Independent Director's Work Report for 2025
Dear shareholders and shareholder representatives:
As an independent director of China Resources BoYa Bio-Pharmaceutical Group Co., Ltd. (hereinafter referred to as the "Company"), I have strictly adhered to the "Company Law of the People's Republic of China," "Securities Law of the People's Republic of China," "Self-Regulatory Guidelines No. 2 for Listed Companies on the Shenzhen Stock Exchange - Normative Operations of GEM Listed Companies," "Management Measures for Independent Directors of Listed Companies," and other relevant laws and regulations, as well as the "Articles of Association" and "Independent Director Work System." I have consistently maintained an objective, independent, and fair stance, diligently fulfilling my duties, making prudent independent decisions, providing professional review opinions on significant matters, and effectively exercising the supervisory and supporting roles of independent directors and specialized committees to safeguard the legitimate rights and interests of the Company and all shareholders, especially minority shareholders, while promoting standardized and efficient corporate governance. Below is my report on the performance of my duties in 2025:
I. Basic Information of the Independent Director
(1) Basic Information
I, Zhao Li, was born in 1957, hold Chinese nationality, and have no permanent residence abroad. I obtained a master's degree from Peking Union Medical College and a doctorate from Tokyo Metropolitan University. I have served as a professor and deputy director of the Pharmaceutical Chemistry Department at Hebei Medical University, deputy director of the Tangshan Food and Drug Administration, a member of the 9th CPPCC of Hebei Province, and a visiting professor at North China University of Science and Technology. I am currently an independent director of Shuyou Shen (Beijing) Bio-Pharmaceutical Co., Ltd. and an independent director of this Company. I have served as an independent director of the Company since February 3, 2021, and by the end of 2025, I will have completed five years of independent director duties.
(2) Independence Self-Assessment
I have completed the independence self-assessment as required by the regulatory authorities and confirmed that there are no circumstances affecting my independence as an independent director, in compliance with the "Management Measures for Independent Directors of Listed Companies" and other relevant regulations. The Company's board of directors has evaluated my independence and found no issues that hinder independent and objective judgment, confirming that I continue to meet the independence requirements.

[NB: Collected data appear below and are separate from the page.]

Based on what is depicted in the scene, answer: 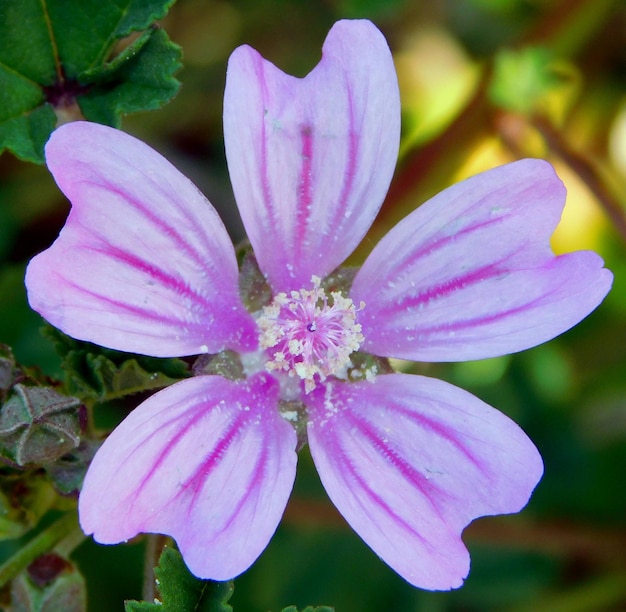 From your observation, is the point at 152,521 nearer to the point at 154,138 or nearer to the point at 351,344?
the point at 351,344

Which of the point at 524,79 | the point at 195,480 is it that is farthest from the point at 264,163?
the point at 524,79

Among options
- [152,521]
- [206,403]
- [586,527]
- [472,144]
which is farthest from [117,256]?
[586,527]

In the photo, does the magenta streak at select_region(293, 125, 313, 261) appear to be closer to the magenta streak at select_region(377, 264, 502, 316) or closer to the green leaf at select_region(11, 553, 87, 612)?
the magenta streak at select_region(377, 264, 502, 316)

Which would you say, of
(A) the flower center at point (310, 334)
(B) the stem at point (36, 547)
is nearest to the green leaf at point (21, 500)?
(B) the stem at point (36, 547)

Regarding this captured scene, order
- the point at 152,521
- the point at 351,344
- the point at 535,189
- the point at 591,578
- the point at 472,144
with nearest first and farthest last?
the point at 152,521 < the point at 535,189 < the point at 351,344 < the point at 472,144 < the point at 591,578

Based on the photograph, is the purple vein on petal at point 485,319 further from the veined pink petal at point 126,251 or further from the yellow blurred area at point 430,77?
the yellow blurred area at point 430,77

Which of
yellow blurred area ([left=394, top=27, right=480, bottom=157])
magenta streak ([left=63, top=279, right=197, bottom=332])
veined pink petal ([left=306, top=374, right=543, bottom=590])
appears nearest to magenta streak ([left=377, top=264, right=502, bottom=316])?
veined pink petal ([left=306, top=374, right=543, bottom=590]) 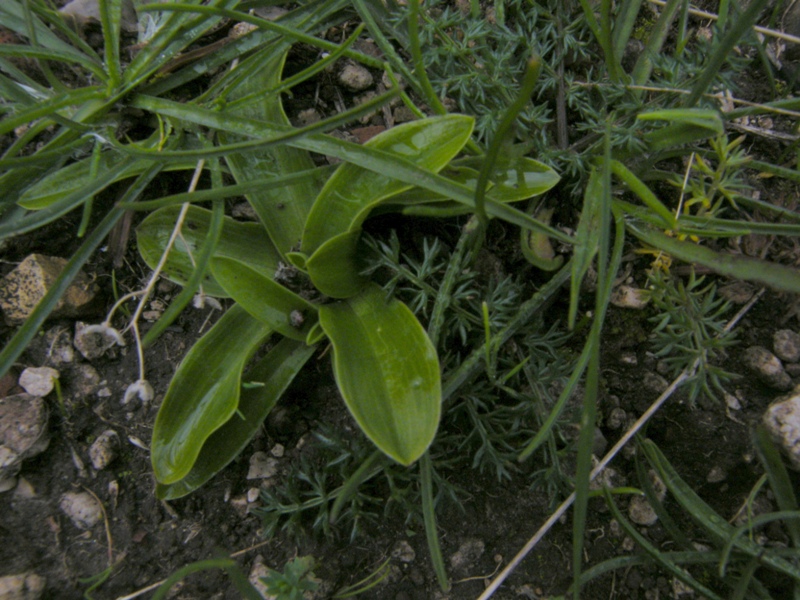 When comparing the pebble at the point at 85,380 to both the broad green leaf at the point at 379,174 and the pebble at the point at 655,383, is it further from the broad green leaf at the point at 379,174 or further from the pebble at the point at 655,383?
the pebble at the point at 655,383

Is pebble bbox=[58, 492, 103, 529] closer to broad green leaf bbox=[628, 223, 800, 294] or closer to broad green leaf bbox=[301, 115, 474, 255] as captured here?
broad green leaf bbox=[301, 115, 474, 255]

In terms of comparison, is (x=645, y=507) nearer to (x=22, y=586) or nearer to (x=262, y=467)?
(x=262, y=467)

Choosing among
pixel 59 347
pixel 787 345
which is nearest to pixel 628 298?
pixel 787 345

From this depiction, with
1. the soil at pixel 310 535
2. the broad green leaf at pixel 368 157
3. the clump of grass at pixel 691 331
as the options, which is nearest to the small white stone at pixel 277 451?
the soil at pixel 310 535

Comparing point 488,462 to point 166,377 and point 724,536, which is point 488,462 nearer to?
point 724,536

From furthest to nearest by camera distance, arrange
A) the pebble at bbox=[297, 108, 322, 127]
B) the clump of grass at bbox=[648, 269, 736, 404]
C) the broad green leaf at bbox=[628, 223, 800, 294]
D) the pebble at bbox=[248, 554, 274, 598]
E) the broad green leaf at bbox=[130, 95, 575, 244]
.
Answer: the pebble at bbox=[297, 108, 322, 127] → the pebble at bbox=[248, 554, 274, 598] → the clump of grass at bbox=[648, 269, 736, 404] → the broad green leaf at bbox=[130, 95, 575, 244] → the broad green leaf at bbox=[628, 223, 800, 294]

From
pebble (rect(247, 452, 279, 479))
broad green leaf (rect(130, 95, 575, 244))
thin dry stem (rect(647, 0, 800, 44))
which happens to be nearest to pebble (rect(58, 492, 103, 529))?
pebble (rect(247, 452, 279, 479))

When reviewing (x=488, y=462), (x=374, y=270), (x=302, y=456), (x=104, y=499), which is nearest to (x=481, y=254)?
(x=374, y=270) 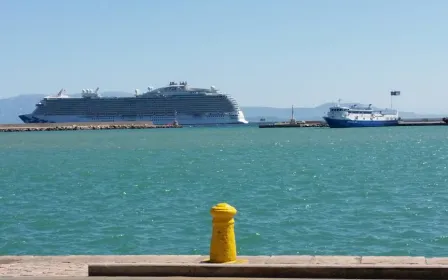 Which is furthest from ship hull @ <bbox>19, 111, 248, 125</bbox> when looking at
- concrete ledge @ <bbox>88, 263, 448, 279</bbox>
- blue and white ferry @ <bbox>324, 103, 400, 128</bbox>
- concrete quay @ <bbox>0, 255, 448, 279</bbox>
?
concrete ledge @ <bbox>88, 263, 448, 279</bbox>

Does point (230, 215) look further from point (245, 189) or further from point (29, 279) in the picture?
point (245, 189)

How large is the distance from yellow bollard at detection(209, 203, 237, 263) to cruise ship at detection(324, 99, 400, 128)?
106 m

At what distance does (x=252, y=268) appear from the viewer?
7.61m

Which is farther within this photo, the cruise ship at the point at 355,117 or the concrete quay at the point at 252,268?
the cruise ship at the point at 355,117

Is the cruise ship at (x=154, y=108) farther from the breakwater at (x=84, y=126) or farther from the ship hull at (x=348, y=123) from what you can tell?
the ship hull at (x=348, y=123)

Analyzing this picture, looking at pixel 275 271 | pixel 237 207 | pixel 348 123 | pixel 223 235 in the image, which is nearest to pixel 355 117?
pixel 348 123

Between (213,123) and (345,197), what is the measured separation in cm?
11902

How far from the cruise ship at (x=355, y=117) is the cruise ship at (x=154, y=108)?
27.6 metres

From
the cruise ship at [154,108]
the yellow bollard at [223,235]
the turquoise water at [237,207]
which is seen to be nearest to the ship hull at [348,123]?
the cruise ship at [154,108]

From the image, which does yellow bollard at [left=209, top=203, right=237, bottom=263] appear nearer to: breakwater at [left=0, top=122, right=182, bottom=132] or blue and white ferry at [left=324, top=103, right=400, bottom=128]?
blue and white ferry at [left=324, top=103, right=400, bottom=128]

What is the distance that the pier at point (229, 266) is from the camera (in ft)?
24.4

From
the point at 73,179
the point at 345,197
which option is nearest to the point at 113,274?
the point at 345,197

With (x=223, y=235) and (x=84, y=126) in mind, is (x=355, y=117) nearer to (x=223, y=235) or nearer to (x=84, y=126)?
(x=84, y=126)

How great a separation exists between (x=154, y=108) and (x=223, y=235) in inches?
5271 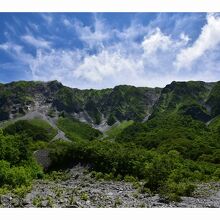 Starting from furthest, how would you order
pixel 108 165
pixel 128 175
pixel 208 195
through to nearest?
pixel 108 165, pixel 128 175, pixel 208 195

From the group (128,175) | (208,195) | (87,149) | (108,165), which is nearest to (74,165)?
(87,149)

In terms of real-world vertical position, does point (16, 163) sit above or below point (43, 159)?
below

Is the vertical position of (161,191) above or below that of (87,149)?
below

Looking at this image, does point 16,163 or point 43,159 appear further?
point 43,159

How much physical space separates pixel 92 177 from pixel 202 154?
68.7 meters

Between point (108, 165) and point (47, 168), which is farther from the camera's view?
point (47, 168)

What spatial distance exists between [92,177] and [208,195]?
36.0m

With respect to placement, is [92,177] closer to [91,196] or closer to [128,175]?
[128,175]

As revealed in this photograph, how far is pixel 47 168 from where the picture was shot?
11444 cm

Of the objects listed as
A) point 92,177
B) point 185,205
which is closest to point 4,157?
point 92,177

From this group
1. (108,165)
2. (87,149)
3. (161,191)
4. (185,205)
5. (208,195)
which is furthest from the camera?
(87,149)

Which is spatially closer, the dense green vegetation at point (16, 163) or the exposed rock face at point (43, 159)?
the dense green vegetation at point (16, 163)

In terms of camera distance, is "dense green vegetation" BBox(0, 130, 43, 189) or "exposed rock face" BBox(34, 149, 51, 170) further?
"exposed rock face" BBox(34, 149, 51, 170)

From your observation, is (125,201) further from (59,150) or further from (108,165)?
(59,150) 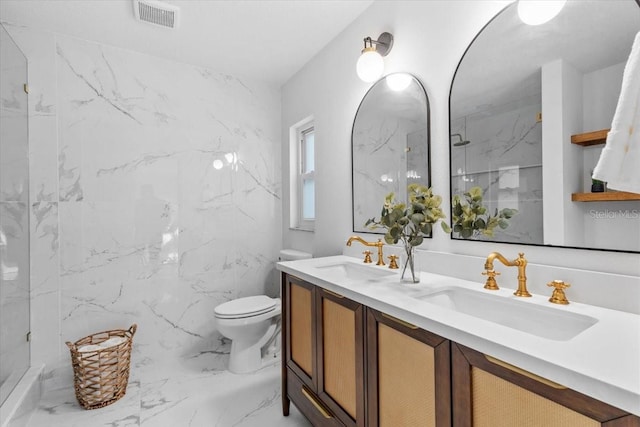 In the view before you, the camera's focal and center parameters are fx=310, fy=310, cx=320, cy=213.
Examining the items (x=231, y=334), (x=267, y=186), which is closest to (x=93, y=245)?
(x=231, y=334)

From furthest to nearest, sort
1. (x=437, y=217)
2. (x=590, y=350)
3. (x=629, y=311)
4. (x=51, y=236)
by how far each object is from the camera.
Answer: (x=51, y=236) < (x=437, y=217) < (x=629, y=311) < (x=590, y=350)

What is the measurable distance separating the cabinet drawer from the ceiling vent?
2170 mm

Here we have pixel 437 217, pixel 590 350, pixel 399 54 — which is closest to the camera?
pixel 590 350

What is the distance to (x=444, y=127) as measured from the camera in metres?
1.41

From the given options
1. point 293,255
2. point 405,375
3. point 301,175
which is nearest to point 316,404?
point 405,375

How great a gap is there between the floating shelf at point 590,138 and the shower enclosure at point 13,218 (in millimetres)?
2629

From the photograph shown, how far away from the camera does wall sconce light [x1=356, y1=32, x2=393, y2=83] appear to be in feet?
5.43

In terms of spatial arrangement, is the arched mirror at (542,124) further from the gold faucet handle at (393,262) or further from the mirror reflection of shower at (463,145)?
the gold faucet handle at (393,262)

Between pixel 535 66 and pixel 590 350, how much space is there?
94 cm

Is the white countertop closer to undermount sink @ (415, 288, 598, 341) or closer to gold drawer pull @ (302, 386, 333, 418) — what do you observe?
undermount sink @ (415, 288, 598, 341)

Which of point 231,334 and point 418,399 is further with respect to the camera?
point 231,334

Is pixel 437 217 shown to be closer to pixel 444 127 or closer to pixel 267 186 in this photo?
pixel 444 127

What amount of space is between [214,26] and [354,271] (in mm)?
1784

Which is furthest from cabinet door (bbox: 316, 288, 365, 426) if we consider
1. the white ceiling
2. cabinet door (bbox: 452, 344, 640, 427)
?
the white ceiling
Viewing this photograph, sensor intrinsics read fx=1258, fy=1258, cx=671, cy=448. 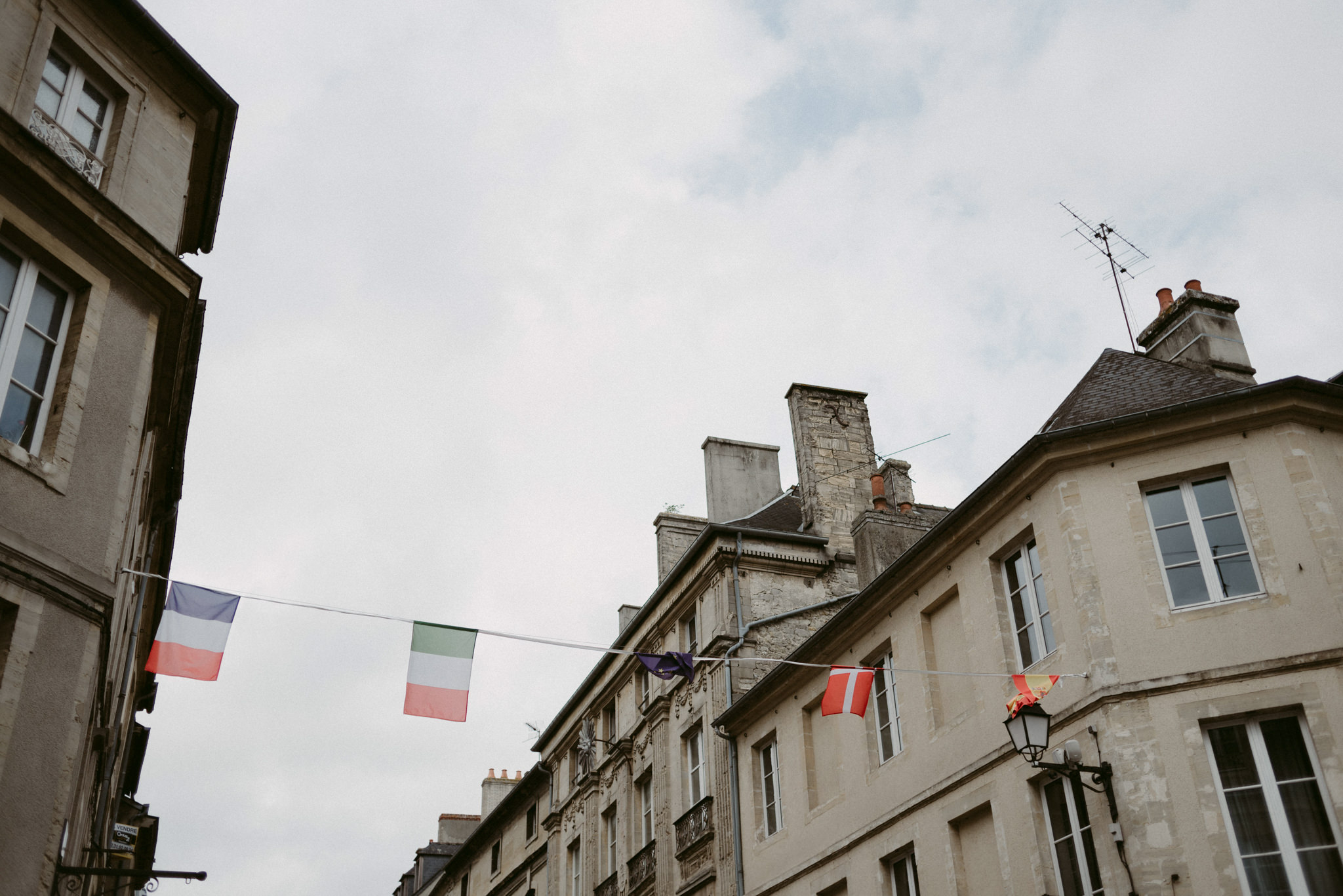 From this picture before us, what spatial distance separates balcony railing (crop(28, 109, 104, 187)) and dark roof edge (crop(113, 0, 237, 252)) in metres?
1.57

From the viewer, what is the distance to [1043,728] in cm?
1128

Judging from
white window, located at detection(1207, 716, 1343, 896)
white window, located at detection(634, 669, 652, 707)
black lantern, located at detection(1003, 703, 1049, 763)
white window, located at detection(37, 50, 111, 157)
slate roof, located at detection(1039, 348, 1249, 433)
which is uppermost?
white window, located at detection(37, 50, 111, 157)

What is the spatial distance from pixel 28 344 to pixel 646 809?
665 inches

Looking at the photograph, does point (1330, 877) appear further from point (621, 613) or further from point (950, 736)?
point (621, 613)

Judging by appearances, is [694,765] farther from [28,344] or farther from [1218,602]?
[28,344]

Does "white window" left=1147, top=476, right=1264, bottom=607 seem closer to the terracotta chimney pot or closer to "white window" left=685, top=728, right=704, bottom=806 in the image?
the terracotta chimney pot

II. Annual Performance Overview of the Independent Director
(1) Attendance at Board and Shareholder Meetings
In 2025, I attended all 10 board meetings and 4 shareholder meetings, thoroughly reviewing materials before meetings, actively participating in discussions during meetings, and prudently exercising my voting rights, voting in favor of all proposals without any absences, opposition, or abstentions. The specific attendance is as follows:
| Director Name | Total Board Meetings | In-Person Attendance | Attendance by Communication | Proxy Attendance | Absences | Consecutive Absences | Shareholder Meeting Attendance |
|---|---|---|---|---|---|---|---|
| Zhao Li | 10 | 9 | 1 | 0 | 0 | No | 4 |
(2) Attendance at Specialized Committee and Independent Director Meetings
- Specialized Committee Performance As a member of the Audit Committee, I attended all 8 committee meetings, reviewing 30 proposals, including the annual financial report, internal control evaluation, audit firm selection, related party transaction review, fundraising management, and asset disposal, ensuring compliance with procedures, fairness in pricing, and completeness of information disclosure. As a member of the Strategy and ESG Committee, I attended all 6 committee meetings, reviewing the ESG report, annual financial report, business plan formulation, and the disposal of Boya Xinhao.